Commit 9f30fedb improved the spec to allow non-payload requests that
exceed any advertised maximum block size. Take this one step further
by permitting the server to use NBD_EOVERFLOW as a hint to the client
when a request is oversize (while permitting NBD_EINVAL for
back-compat), and by rewording the text to explicitly call out that
what is being advertised is the maximum payload length, not maximum
block size.

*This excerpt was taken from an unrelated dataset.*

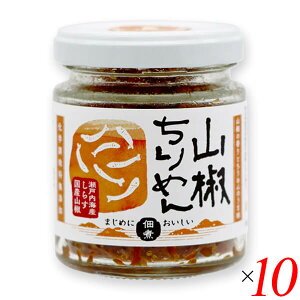 yBFI100~N[|Iw2{Iz}V} R߂ 45g 10Zbg 炷 Y ώ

This becomes more important when we add 64-bit
extensions, where it becomes possible to extend `NBD_CMD_BLOCK_STATUS`
to have both an effect length (how much of the image does the client
want status on) and a payload length (filtering the response to a
subset of negotiated metadata contexts).
---
doc/proto.md | 70 ++++++++++++++++++++++++++++++----------------------
1 file changed, 40 insertions(+), 30 deletions(-)
diff --git a/doc/proto.md b/doc/proto.md
index c3c7cd9..e332e21 100644
--- a/doc/proto.md
+++ b/doc/proto.md
@@ -769,8 +769,8 @@ learn the server's constraints without committing to them.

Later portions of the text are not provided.